10月からはさらなる活路 企業型DC加入者のうち700万人はiDeCo加入の対象に

今年の10月からは、さらに「ひとり2口座」の活用の幅が広がります。企業型DCでマッチング拠出を実施しておらず、拠出限度額の範囲内であれば、個人型DCでも「加入者」が選択できるようになります。

つまり、企業型DCで加入者、個人型DCで運用指図者のパターンから、企業型DCで加入者、個人型DCでも加入者の選択ができる人が増えるということです。その人数は概算で700万人程度となると思われます(企業型DCの加入者数は749万人。個人型DCで他の企業年金制度がある加入者は21万人。企業型DCの事業主掛金だけで5万円を超えている人は3.6%等から計算)。
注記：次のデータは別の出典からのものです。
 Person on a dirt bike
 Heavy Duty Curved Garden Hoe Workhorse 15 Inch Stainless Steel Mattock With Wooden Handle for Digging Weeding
企業型DCと個人型DCを併用する場合、いちばん大切なのは個人型DCの金融機関をどう選択するか、という点です。まず候補になるのは、企業型DCと同じ金融機関です。おそらく、どの金融機関でも企業型DCを提供している場合は、個人型DC加入者の利便性を高める工夫を企画していると思われます。

そのほかのチェックポイントとして考えられるのは3点で、運用商品の商品性と手数料、相談のしやすさ、です。運用商品と手数料については、iDeCo公式サイト等で比較できます。運用商品の比較により、ご自身の考えにあった金融機関を選択する、のも一つの方法です。なお、個人型DCの手数料は、規約に記載されているものと、金融機関の任意で設定されているものの2種類があります。規約に記載されている項目には、次の4点があり、この部分はどの金融機関でも同じ金額となっています。

①新たに加入者等の資格を取得したとき 2,829円
②掛金の収納及びこれに付随する事務に関する手数料収納 1回あたり105円
③国民年金基金連合会に自動移換されたとき 1,048円
④掛金を還付する必要が生じたとき1,048円

さらに、事務委託先金融機関(=信託銀行)の費用はすべて同じ金額で設定されているため、毎月の管理料66円、還付手数料440円も同じです(還付手数料は上記④に加算)。それ以外の手数料がどれだけかかってくるのかを比較してみるとよいでしょう。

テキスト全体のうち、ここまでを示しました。